At 9 we left for another canoe ride. We stopped at a small village of Ocaino Indians. The villages are in general cleaner than the towns like Pevas. We then proceeded up the Ampiyacu for another 2 hours. The ride was not as interesting as on the Apayacu River because there was less animal life. The river sides were eroded (and you could see the boat's wake eroding them even more), and you could see alternating layers of leaves and dirt, dozens of them, like a piece of mica. After about an hour the river started getting shallower and more obstructed by branches. Navigating through all this slowed us down considerably. By the time we got to Villa Nuevo we were all tired of sitting in the boat. Not to mention that the river basically ended there--since the water was so low, there was a long stretch of dry river bed with only a trickle about a foot wide through it. We beached the canoes (intentionally this time) and disembarked.
As soon as we got to the maloka, I asked about the W.C. It turns out that even though all the books say that 'W.C.' should be used instead of 'bano,' people use 'bano' anyway among themselves. In any case, it was a small hut with half-height and logs over a pit. All things considered, I've seen worse in campgrounds in the U.S.

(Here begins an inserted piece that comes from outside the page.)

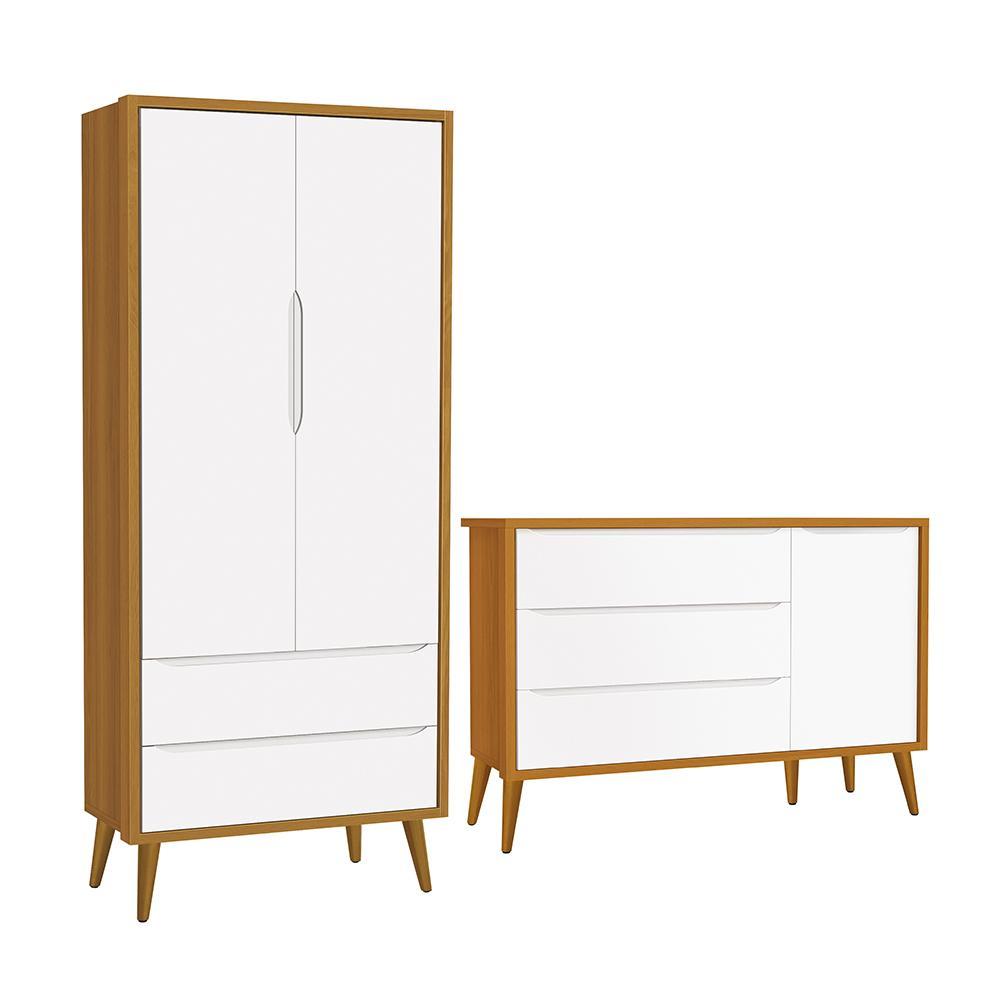 Jogo de Quarto Infantil Theo Retrô Guarda Roupa 2 Portas e Cômoda 1 Porta Branco/Savana com Pés Amadeirado - Reller Móveis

Lunch was the Peruvian national dish, ham and cheese sandwiches. After lunch we walked through the village (over some shaky bridges) to the sawmill, a small gasoline engine and a blade. Forget the picturesque waterwheel--this is the Amazon! We passed a house that was being built (rather foolishly, I thought) with full wooden walls and windows instead of open-air style.
We then had another jungle walk, this one 45 minutes through urma or 'cultivated' jungle instead of the virgin jungle of two days earlier. This walk was on a well-used trail leading to some fields. (It must be used; I saw scraps of paper with Spanish on them at a couple of points.) We saw more plants--birds of paradise, pineapple, etc. We rested a bit after we got back to the maloka and then loaded ourselves back into the boat for the long ride back.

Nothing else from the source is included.